Looking at our current "daily rhythm," I noticed consistent times that I could use to create a schedule. We've been following our Hobbit-Monk Schedule for the past few weeks, and I am really enjoying it. We have order, we have peace, and it's awesome. While our schedule follows specific times, I always keep in mind a "30 Minutes Rule:" I aim to get these things accomplished at the time listed or 30 minutes before or after that time. This allows a certain flexibility with an unpredictable baby. On days when we have appointments, meetings, or if Peter sleeps in an hour (which he does, on occasion!) I tweak the schedule accordingly.
The Daily Schedule of AnneMarie & Peter,
Hobbit-Monk style7:30 a.m.-Wake up!
I'd love to get to the point where I'm able to wake up before Peter and gets things done, but I am just not there yet (but I'm okay with that, sleep is good!). After we wake up, I give Peter some breakfast, and then he typically enjoys some playtime on the floor while I eat and get dressed. At some point, Peter usually wants Second Breakfast. During this, we pray Morning Prayer from the Liturgy of the Hours.
By 9, I really like to get our day rolling. We read stories, go on a walk if it's cool enough outside, and play with toys. We usually begin the Rosary. Twice a week, I do an in-home workout.
10:30-Give Peter Elevenses!
Sometimes this does happen at 11, other times it's at 10:30ish. Regardless, I qualify his late-morning meal as elevenses. During this time, I finish the Rosary.
11:00-Peter has naptime.
Once he goes down for a nap, I take a deep breath of freedom, and then I get to work (unless I'm crazy exhausted, and then I'll take a short nap).

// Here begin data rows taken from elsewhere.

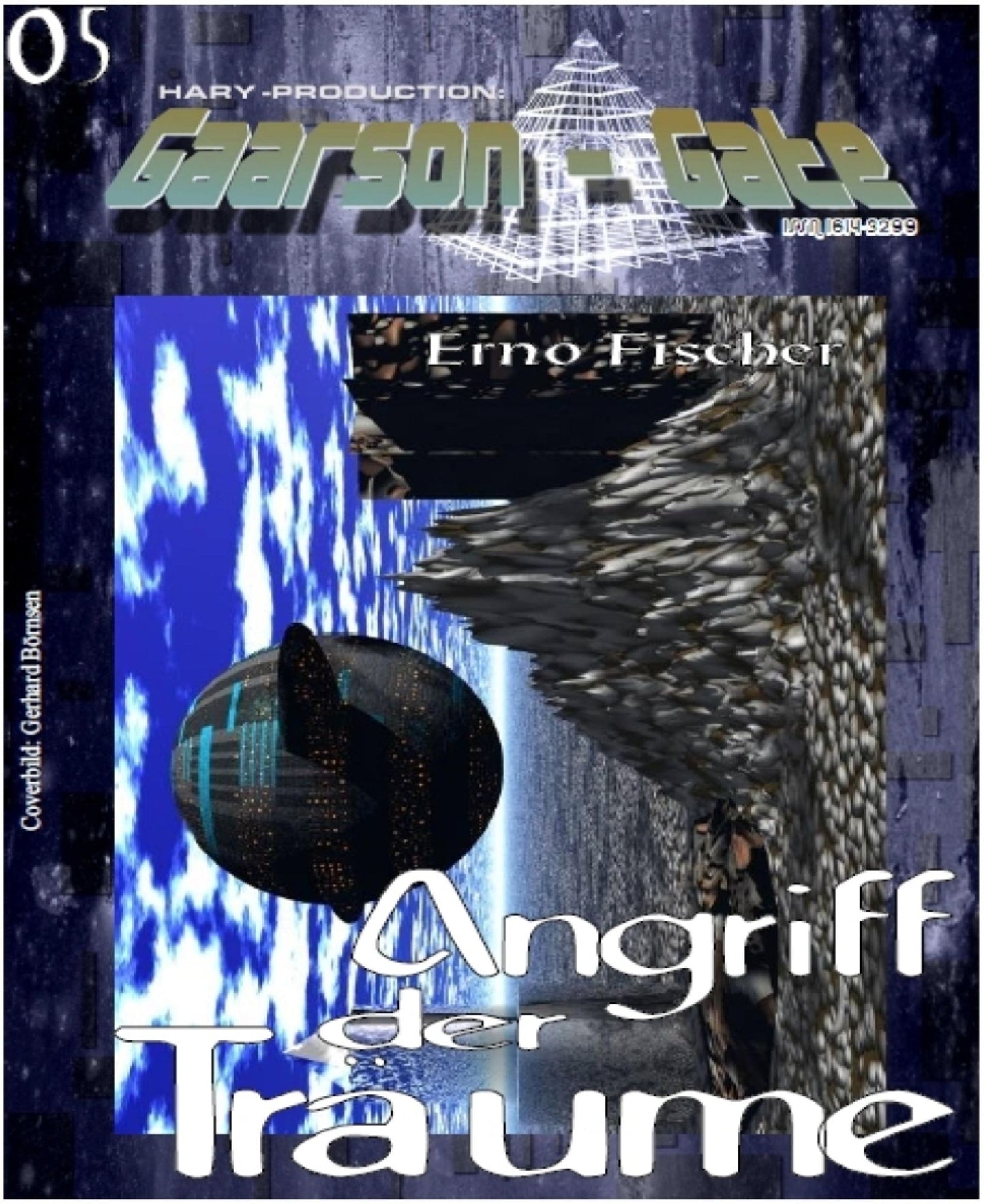 GAARSON-GATE 005: Angriff der Träume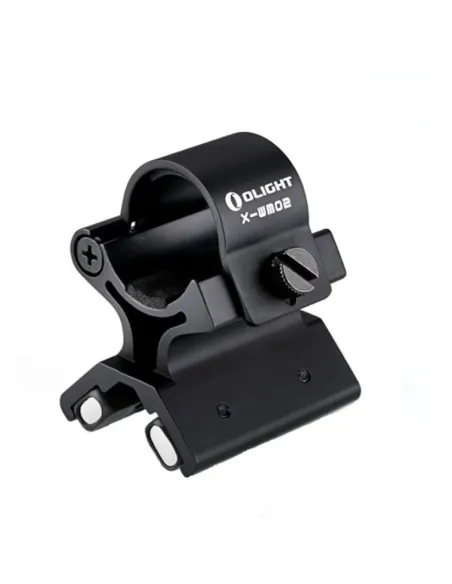 Suport magnetic prindere lanterna OLIGHT XWM02 red-mag.ro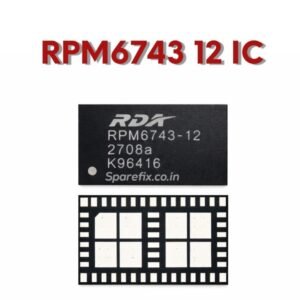RPM 6743 12 IC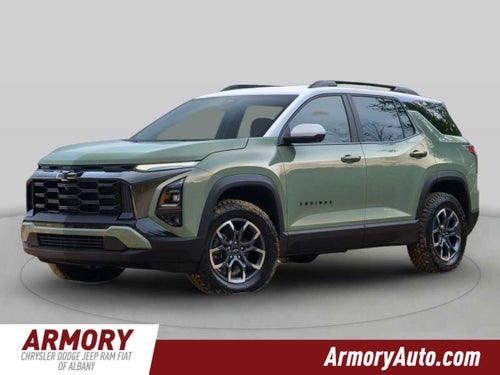 2025 Chevrolet Equinox AWD LT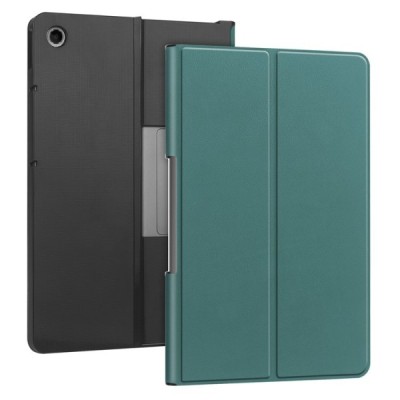 Lenovo Tab Plus 11.5" (TB351FU) „Saige" Flip Book Case - green (foldable) | Priedai.lt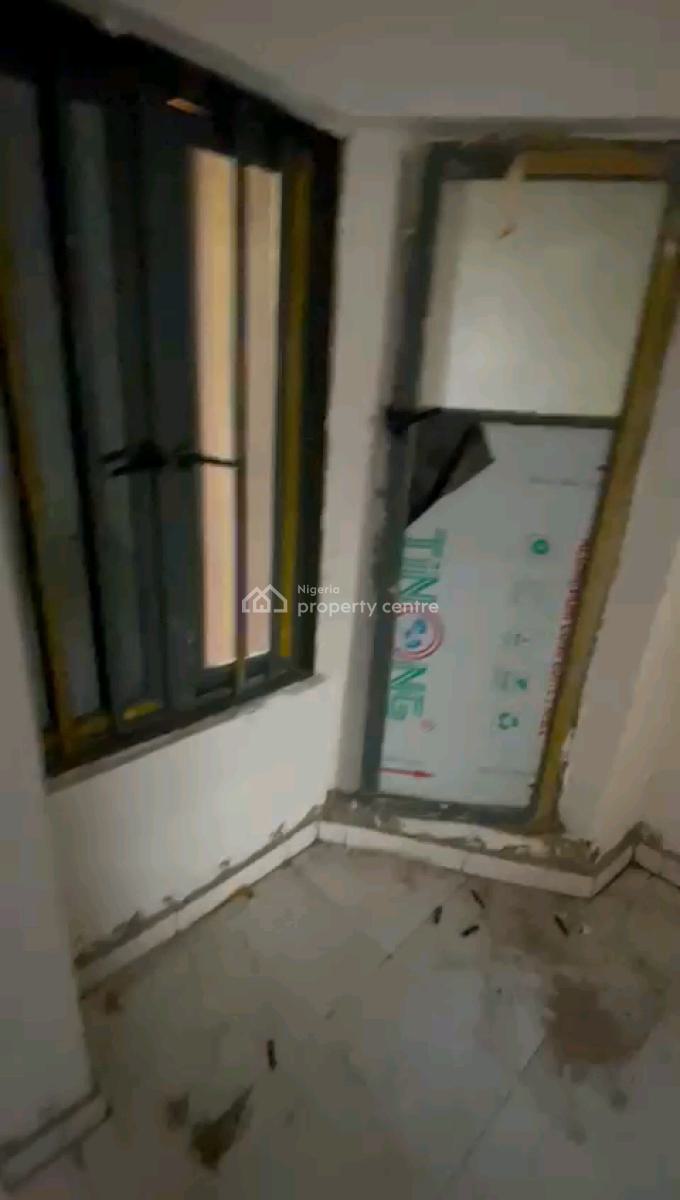 a Newly Built and Standard Roomself Con, Off Pedro Road, Shomolu, Lagos, Self Contain (single Rooms) for Rent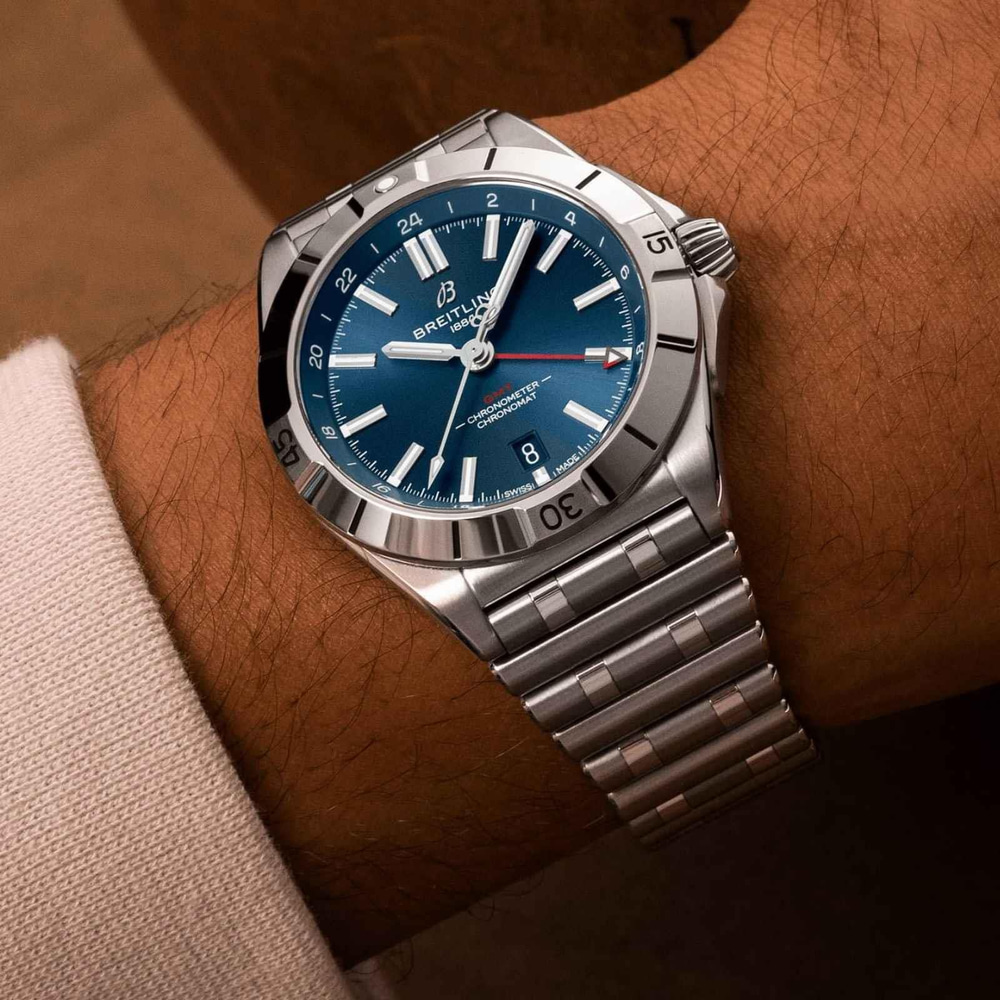 Breitling Chronomat Chronomat Automatic Gmt 40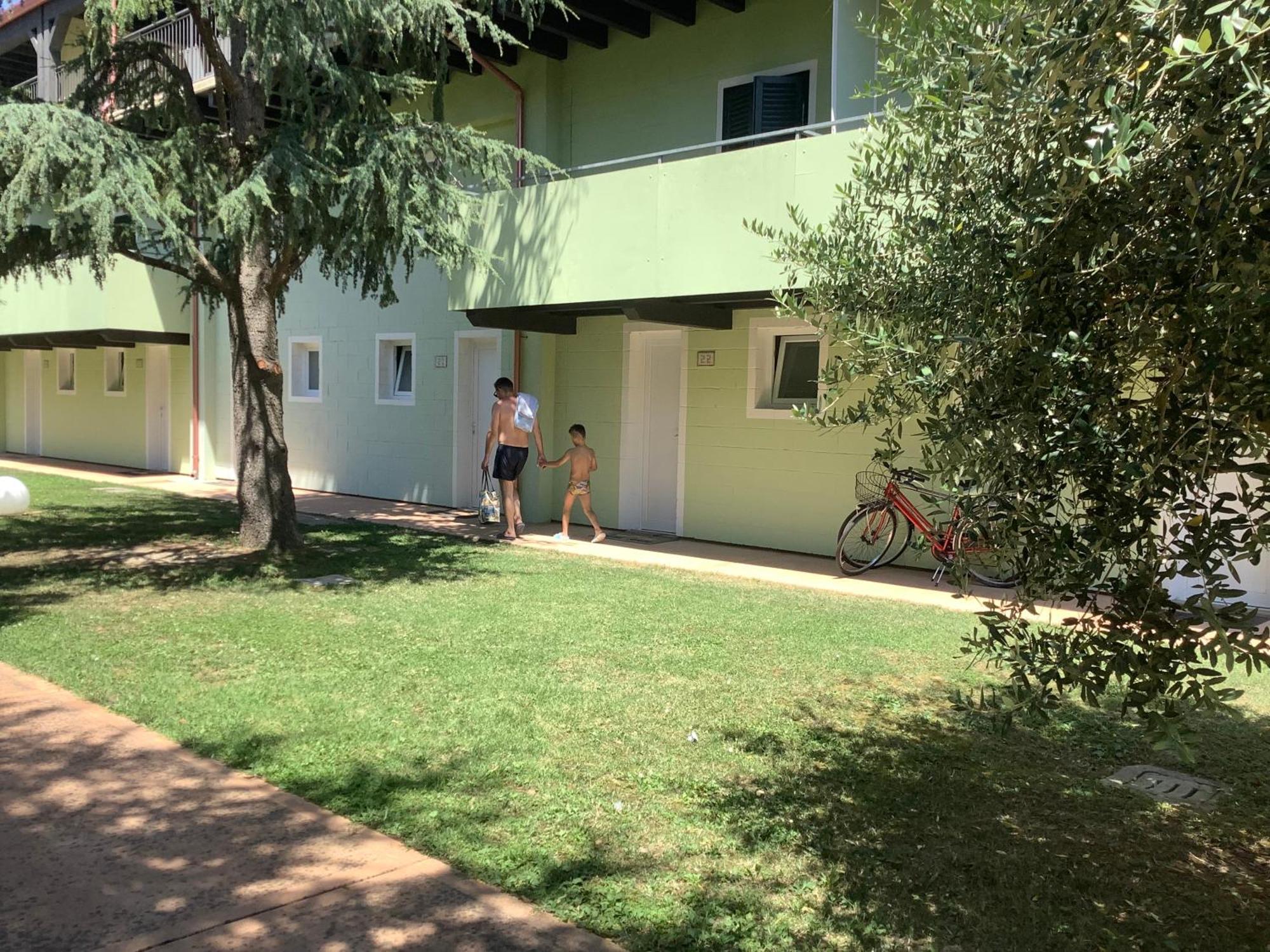 Residence Duna Rossa - Family Friendly Duna Verde Exterior foto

This is when I do those chores that are harder to accomplish while wearing Peter (loading the dishwasher, cleaning the bathroom-not that I clean the bathroom often, but this is when I could clean it), check e-mails, blogs, and social media, and think about how I could be more productive, but that it's way more fun to look at memes of Michael Phelps.
12:00-Pray the Angelus!
|The Angelus, by Jean-Francois Millet. Source.|
2:00-Peter eats Luncheon.
Occasionally he wakes up at 1, but on most days, Peter blissfully sleeps until 2, when he eats and resumes playtime or chores with me.
3:00-I eat my afternoon snack and drink a cup of tea or coffee.
I'm a big fan of the French ritual gouter, which is a late-afternoon snack of crepes, bread, or some other delicious food. I've read that adults do not partake of le gouter. But...I breastfeed my baby, so I need a little afternoon snack to hold me over until dinner, since I don't really snack otherwise. Ergo, I adapt the idea of le gouter to my life and needs. Yogurt and fruit, a granola bar, chocolate-stuffed baguette (THE BEST!), or a muffin paired with a steaming glass of coffee or tea is sheer bliss. Even if I'm holding a screaming baby as I peacefully sip my Earl Grey, it's a great way to recharge! Seriously, there's something about inhaling the fragrance of tea or coffee that has such a calming, rejuvenating effect on me.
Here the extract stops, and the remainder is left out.